Apr 26, 2012 15:53
There's three of us. I don't know where we're travelling but I know we must do it urgently. There's also the most adorable chubby puppy I have ever seen, brown with a round face and even rounder eyes that melt you to the ground. We're accompanied by a white horse with the most beautiful white hair I have ever seen.
We enter the city through a gate. I don't know what city or even the general location of the city but it feels partly European with the narrow road between two sides of the street, on both of which sit lodging. The road is stone paved and there are some fires in lanterns just at the gate as it rolls downward behind us. Something in the deafening sound as it hits the ground settles me.
I shift a books of Irish folk tales in my satchel as it sticks out, pushing it down in the bag and putting the pup in there, letting it open so he can calmly look out, observing the street around him. He presses his cold nose against my hand. The horse walks gracefully beside me, his shoes making virtually no sound, almost as if they are lined with a layer of cloth.
The old man, my escort, with the handlebar mustache and the kind brown eyes, smiled anxiously back at me, checking to see if I am still there. His dress reminds me of an American from the midwest with his jeans and flannel button-up. His brown boots carry him steadily onward down the street.
Behind me, there is a young man, mid 20s I would say with jet black hair eyes that catch everything from a speck of dust to the wrinkles in a flag waving over a doorway. I start to walk under an awning and he sternly pushes me away, point to a tiny, unnoticable tear in the red cover and then to a post bent outward.
The young man turns to look about him and whistles the quietest whistle I have ever heard in my life. The older man doesn't even turn to him. Instead, he immediately turns left and takes us down an even more narrow alley, one where I can touch the walls on both sides. I don't like this. I begin to feel like a mouse with a hawk looming overhead, waiting on him to drop down and end my short existence.

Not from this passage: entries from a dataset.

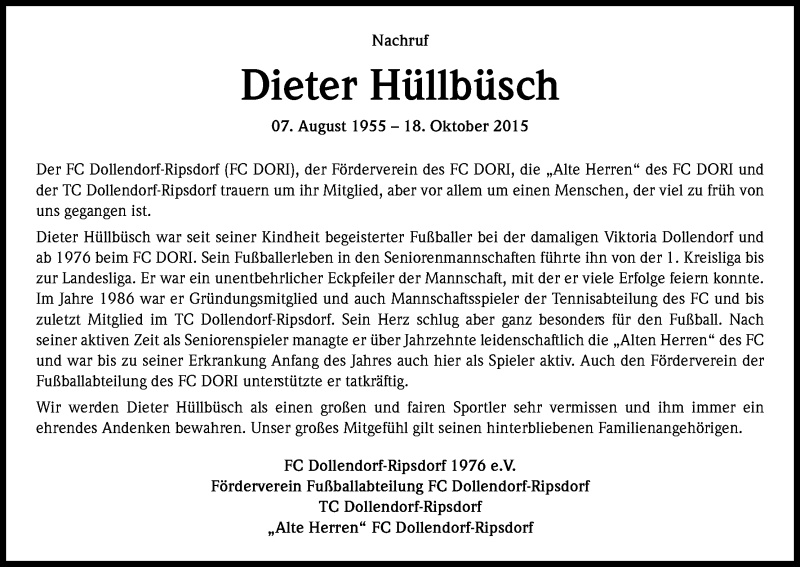  Traueranzeige für Dieter Hüllbüsch vom 21.10.2015 aus Kölner Stadt-Anzeiger / Kölnische Rundschau / Express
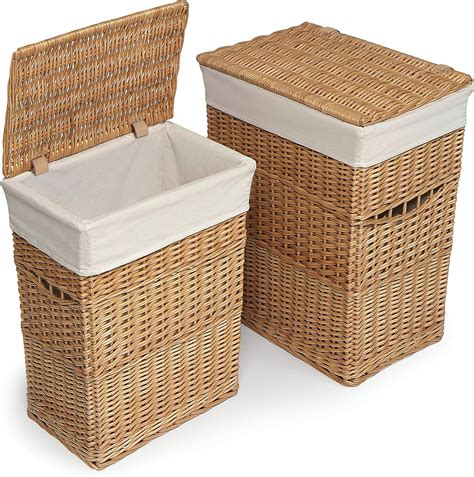wicker hampers with attached lids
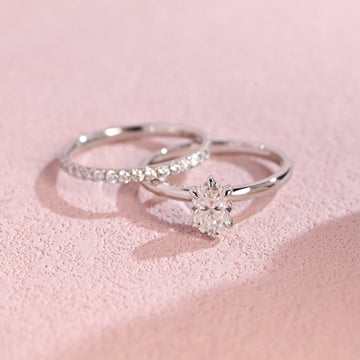 1ct Oval Cut Moissanite Engagement Ring Set, 14K White Gold Moissanite Bridal Set, Half Eternity Wedding Band Matching Band Gift for Women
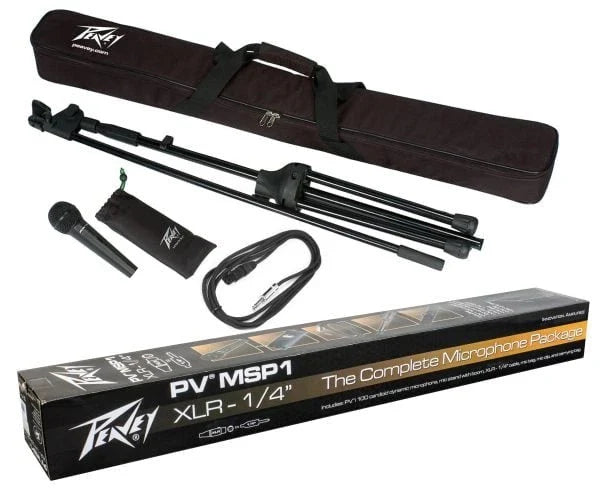 2 Peavey PV MSP1 Complete Microphone with Stand Kit 1/4" Cable Included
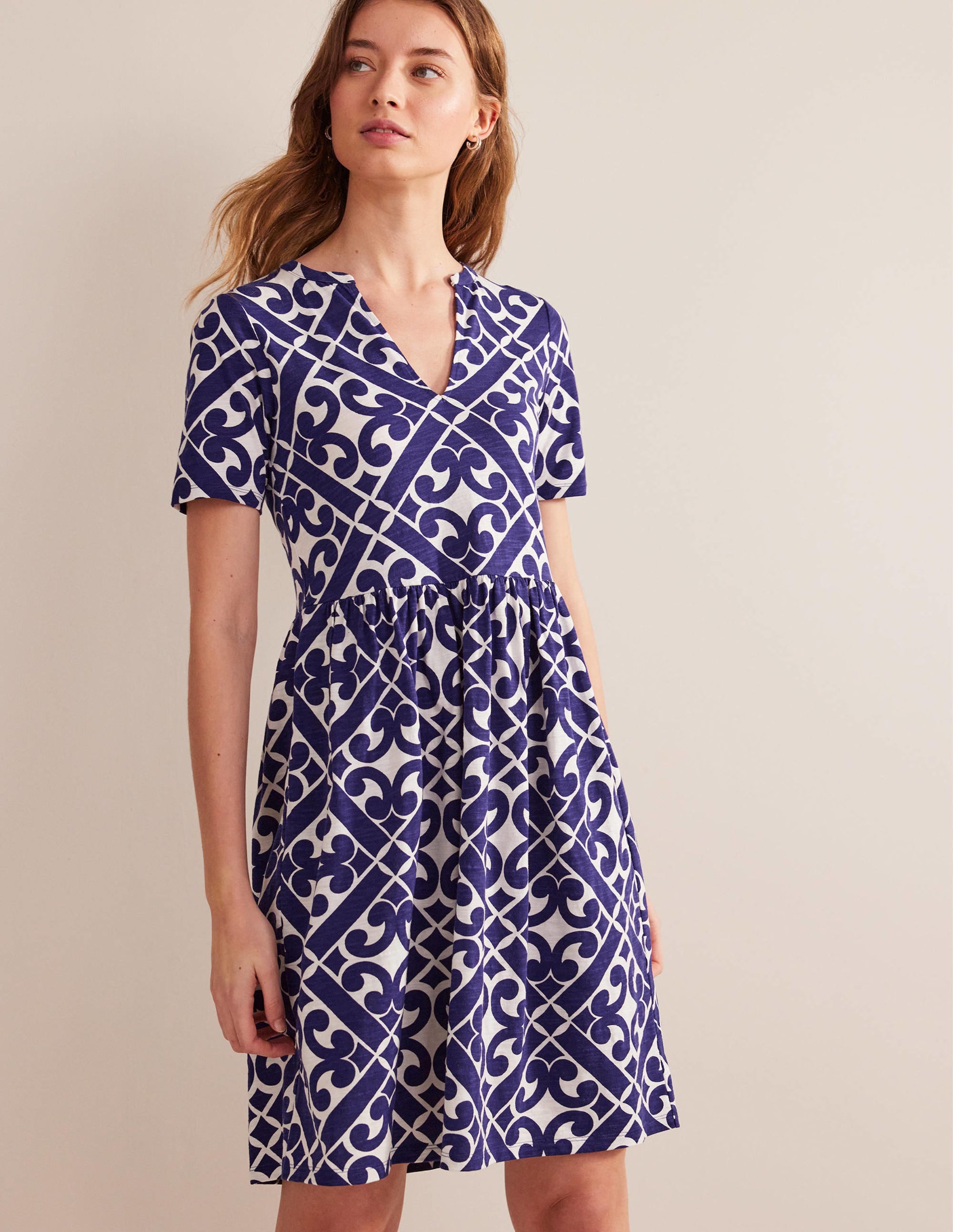 Easy Notch Neck Jersey Dress-Prussian Blue, Tranquil Geo - Image 4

I stick my arms out and allow my fingertips to graze the walls, taking in their rough stone textures and the chiseled and weathered cracks among them. Another soft whistle. I turn around and he shakes his head, pointing to the pads of his fingertips and then pretending to place them on the walls. Fingerprints, got it.
After a long and agonizing 15 minutes of claustrophobia, we emerge from the narrow passageway into yet another silent street, this one with a fire burning. I sit down on a wooden crate and let the puppy out so that he can relieve himself. I don't have a name for him. I suppose I didn't think they would let me keep him long enough.